ACTIVITY:
Beginning with the line below that contains "Pháp thoại Lời" and ending with the line that contains "-鲤院·新中式美学·庭院餐厅(夫子庙店)", copy every line exactly. Copy nothing else.

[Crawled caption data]
※

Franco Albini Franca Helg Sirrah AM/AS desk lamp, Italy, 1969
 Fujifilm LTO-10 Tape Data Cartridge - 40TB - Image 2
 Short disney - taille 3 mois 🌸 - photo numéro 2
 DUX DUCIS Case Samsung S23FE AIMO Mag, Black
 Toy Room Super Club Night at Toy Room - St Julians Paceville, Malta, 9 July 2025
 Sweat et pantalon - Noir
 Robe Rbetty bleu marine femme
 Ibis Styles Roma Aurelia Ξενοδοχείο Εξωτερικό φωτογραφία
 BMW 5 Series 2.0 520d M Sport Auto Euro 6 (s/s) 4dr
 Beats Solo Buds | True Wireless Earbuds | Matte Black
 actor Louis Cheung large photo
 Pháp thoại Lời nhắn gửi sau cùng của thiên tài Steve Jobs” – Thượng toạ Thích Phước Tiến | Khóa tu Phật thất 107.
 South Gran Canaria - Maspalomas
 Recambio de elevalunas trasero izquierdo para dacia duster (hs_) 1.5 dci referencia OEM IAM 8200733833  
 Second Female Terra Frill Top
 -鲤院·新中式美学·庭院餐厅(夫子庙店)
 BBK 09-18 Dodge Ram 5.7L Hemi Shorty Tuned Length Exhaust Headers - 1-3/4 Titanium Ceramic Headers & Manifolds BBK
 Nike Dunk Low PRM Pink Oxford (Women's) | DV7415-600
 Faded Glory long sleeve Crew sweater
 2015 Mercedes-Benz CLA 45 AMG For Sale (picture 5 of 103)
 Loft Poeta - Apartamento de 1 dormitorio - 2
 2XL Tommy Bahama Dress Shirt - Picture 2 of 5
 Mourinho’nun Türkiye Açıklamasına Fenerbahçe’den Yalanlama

※

WRITTEN RESPONSE:
 Pháp thoại Lời nhắn gửi sau cùng của thiên tài Steve Jobs” – Thượng toạ Thích Phước Tiến | Khóa tu Phật thất 107.
 South Gran Canaria - Maspalomas
 Recambio de elevalunas trasero izquierdo para dacia duster (hs_) 1.5 dci referencia OEM IAM 8200733833  
 Second Female Terra Frill Top
 -鲤院·新中式美学·庭院餐厅(夫子庙店)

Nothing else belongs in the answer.